§ **BRIEF**
Each line from the one holding "Football Player Flag" to the last line of the listing must be set down exactly. No pictures are to be included.

======== RECORDS TO PROCESS

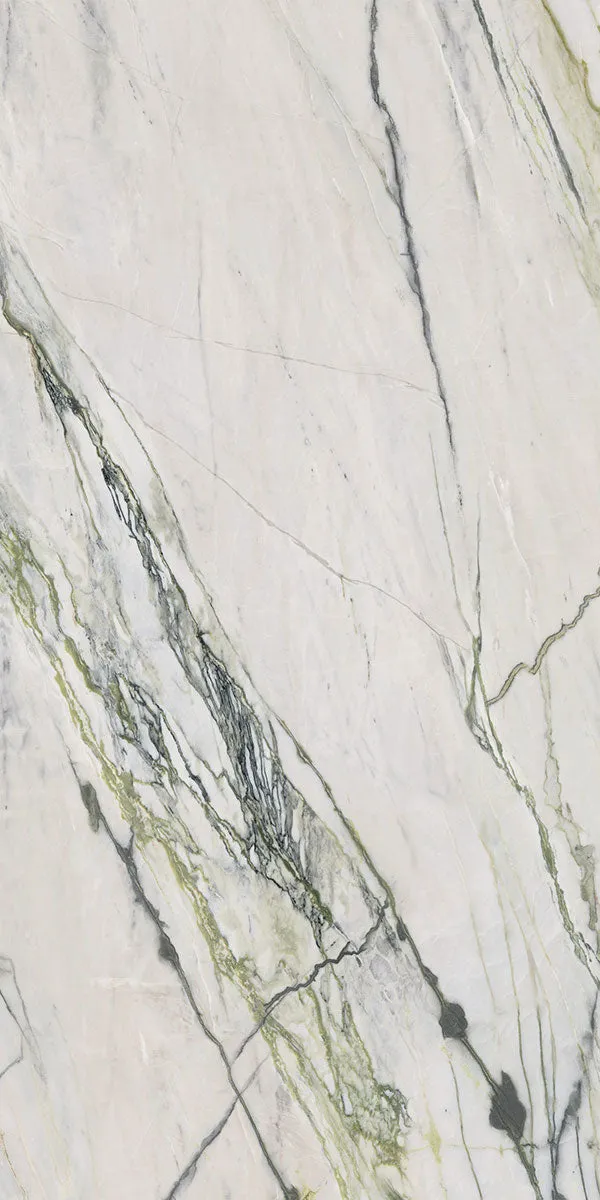 Deluxe Calacatta Green 3D Marble Effect Porcelain Tile 60x120cm Matt
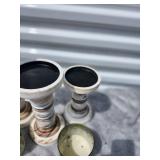 Vintage Style Candle Set with Distressed Wooden Holders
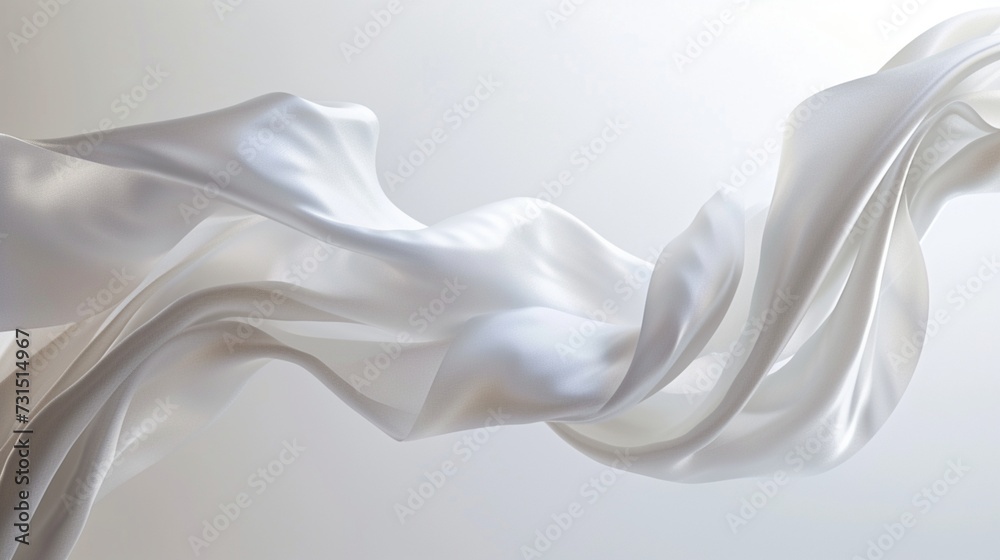 Craft an enchanting scene of a silk ribbon elegantly cascading against a pristine white backdrop. Craft an enchanting scene of a silk ribbon elegantly cascading against a pristine white backdrop.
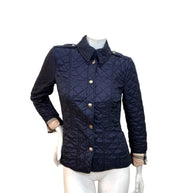 Burberry Brit Navy Quilted Jacket with Check Lining – Women’s Size Small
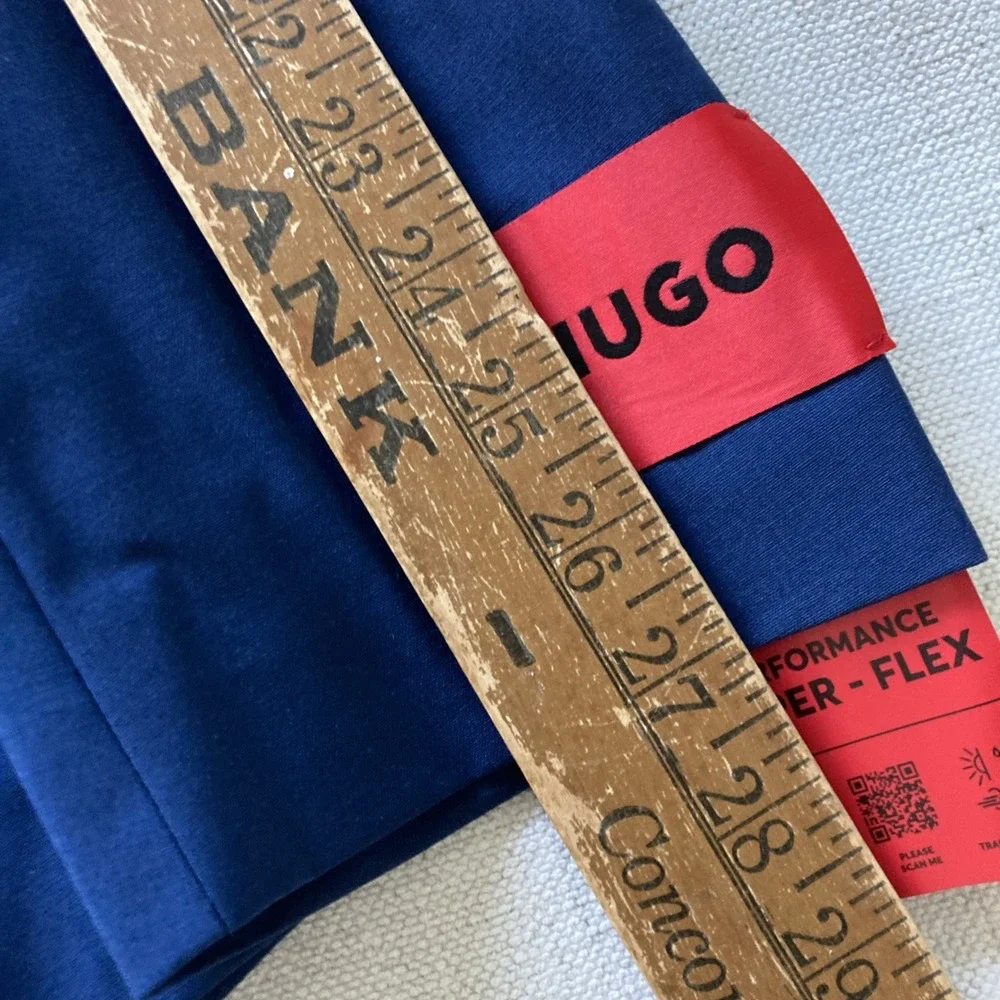 Hugo By Hugo Boss Mens 2-pc Suit Blazer Jacket 44L Blue Wool Pants 40W 33L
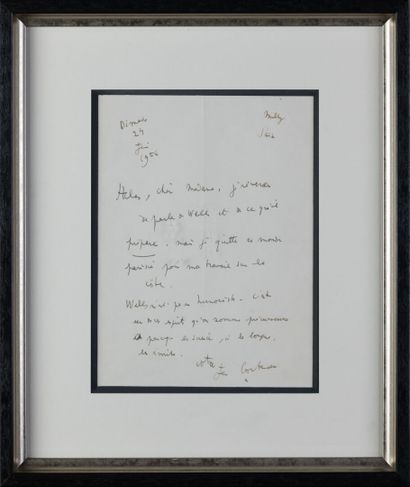 Jean Cocteau, handwritten letter in ink on...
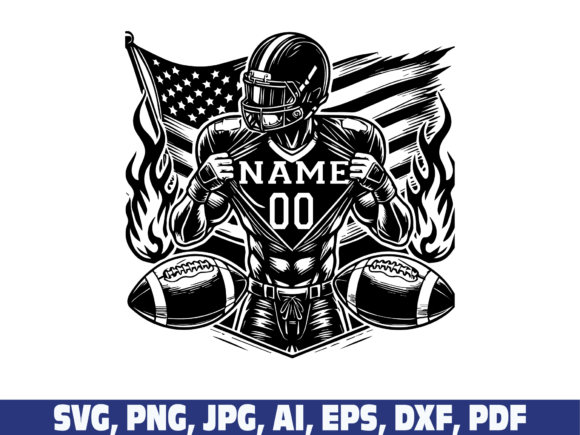 Football Player Flag Graphics for Brand Crafts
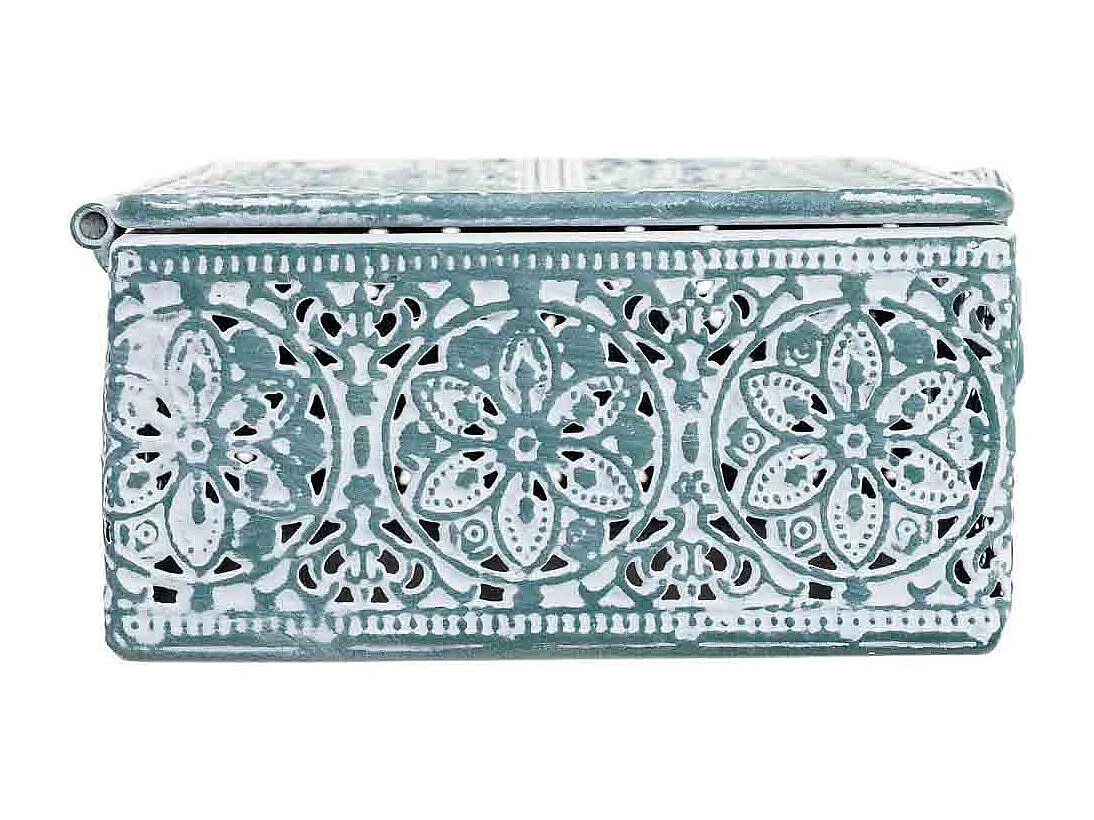 Boîte en métal vert 20.5x12.5x6h cm (hauteur)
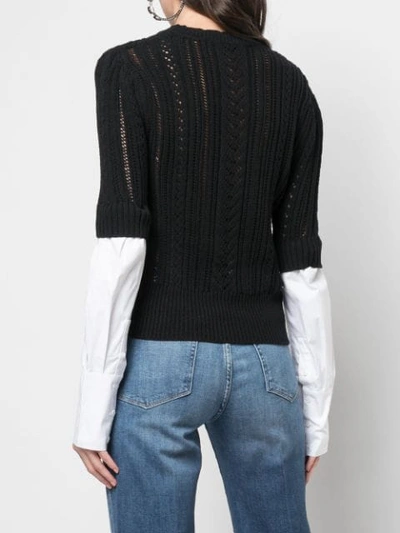 Shop Veronica Beard Shirt Cuff Knitted Top In Black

================

§ **RESPONSE TO THIS TASK**
 Football Player Flag Graphics for Brand Crafts
 Boîte en métal vert 20.5x12.5x6h cm (hauteur)
 Shop Veronica Beard Shirt Cuff Knitted Top In Black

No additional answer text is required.